Facebook advertising allows you to pinpoint your reach by defining age ranges, gender and interests so that you can more easily reach them. Your organic content should be sculpted around these attributes as well as you will see a more significant return on investment from content with strong intent and purpose than hollow posts aimed merely at promotion.

Ask questions to define your target audience

Here are a few ways to help define your target audience on Facebook:

  • Collect data on your current customers
  • Survey potential customers
    • Ask questions like:
      • What age group do they fall into?
      • Are they in a specific geographic location?
      • What is their lifestyle?
      • What message communicates what they want and need?
  • Research what your competitors are doing to capture the market and integrate them into your marketing strategy.
  • Use existing research, like findings published by Pew, to evaluate consumer sentiment and adjust your tactics accordingly.

Craft a brand message based on market research

The average American spends only about 40 minutes a day on Facebook. While It is by far the most amount of time devoted to any social media platform, it is really a quite narrow time window to entice them to engage with your business.

For this reason, it is of paramount importance to create a strong brand image. The written content and visual web design on your business page should reflect your business’s personality.

Every post, whether promoted or entirely organic, should echo the brand’s voice. On Facebook, sharing image and video posts is very important, but they should remain relevant to your business’s image.

Outshining your competition means not only sharing and creating high-quality, unique content but ensuring that the content is relevant. In order to be relevant, you’ll need to always keep your target market and your brand’s image in mind.

Set a budget before you begin spending

You won’t reach your marketing goals with quality content alone. In fact, organic reach has sagged to a lackluster 2%, as promoted posts continue to dominate the platform.

Even if your content is of the absolute highest quality and relevancy, you will be consistently outperformed by those willing to shell out massive amounts of cash.

There is no reason to fret, however. You can still succeed without draining all of your funds into Facebook. You will, however, most definitely be required to spend a little, at the very least.

Set a budget during the planning phases of your marketing campaign, and strictly adhere to it. Set goals that are realistic within your budget, and be wary not to stray too far from them. As little as $5 a few times a week can help you achieve your goals, so there is no reason to overspend.

Conclusion

Large companies may have the resources to pump in virtually unlimited funds into paid advertising campaigns on Facebook, but this hardly constitutes as a marketing strategy. Furthermore, it is strictly impossible for smaller businesses to adopt the prodigious spending habits of multinational corporations.
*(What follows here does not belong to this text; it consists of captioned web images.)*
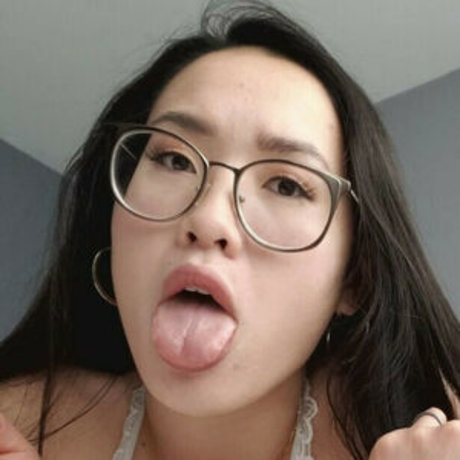 Naakte gelekte OnlyFans-foto van Materialsgirl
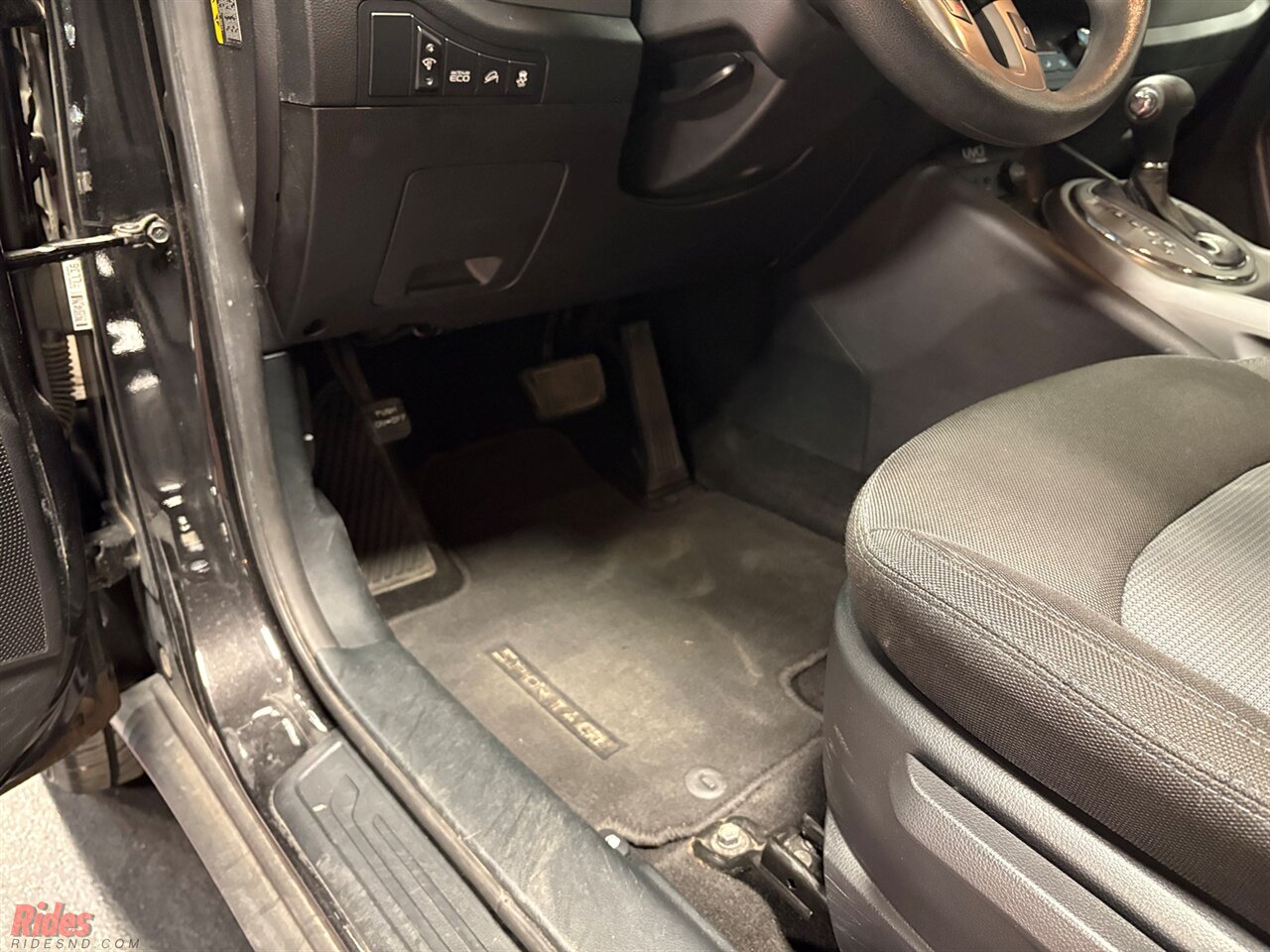 2015 Kia Sportage LX   - Photo 13 - Bismarck, ND 58503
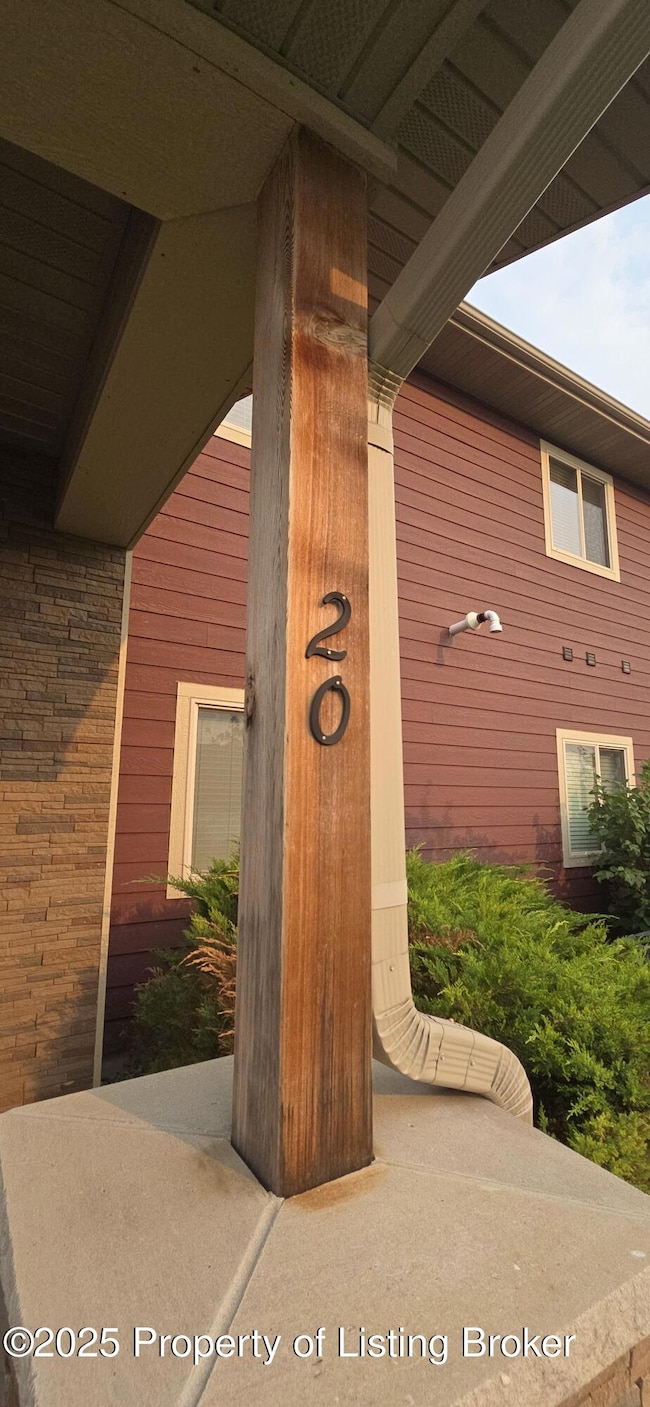 3512 33rd Ave W, Williston, ND 58801 - photo 2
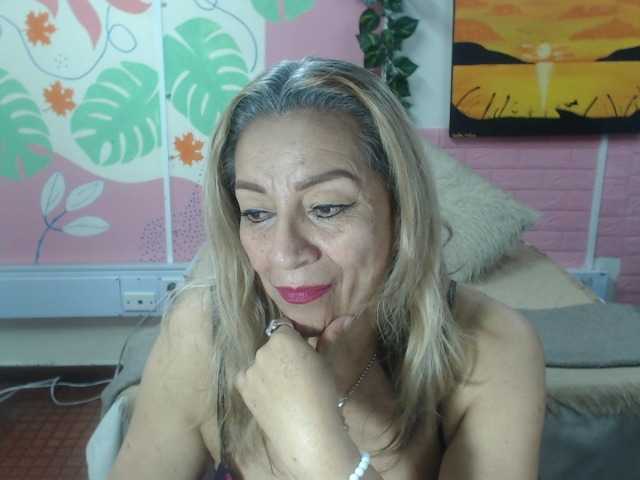 valeria-sexy live cam preview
Effective Facebook marketing is essentially about precision. You must precisely define your target market, precisely craft your posts around a carefully-constructed brand and (even more) precisely allocate your budget. Digital marketing takes patience; steadily growing your reach and your audience takes hard work.

This work cannot be circumvented by flooding cash into Facebook’s advertising platform, either. You need to work to hone your digital marketing campaigns and bolster those campaigns with quality content and a bit of cold hard cash, too.

If you do invest the proper time and energy, however, you will be well rewarded. You very well could win at Facebook marketing — and win big.


Ellie Martin is co-founder of Startup Change group. Her works have been featured on Yahoo! , Wisebread, AOL, among others. She currently splits her time between her home office in New York and Israel. You may connect with her on Twitter.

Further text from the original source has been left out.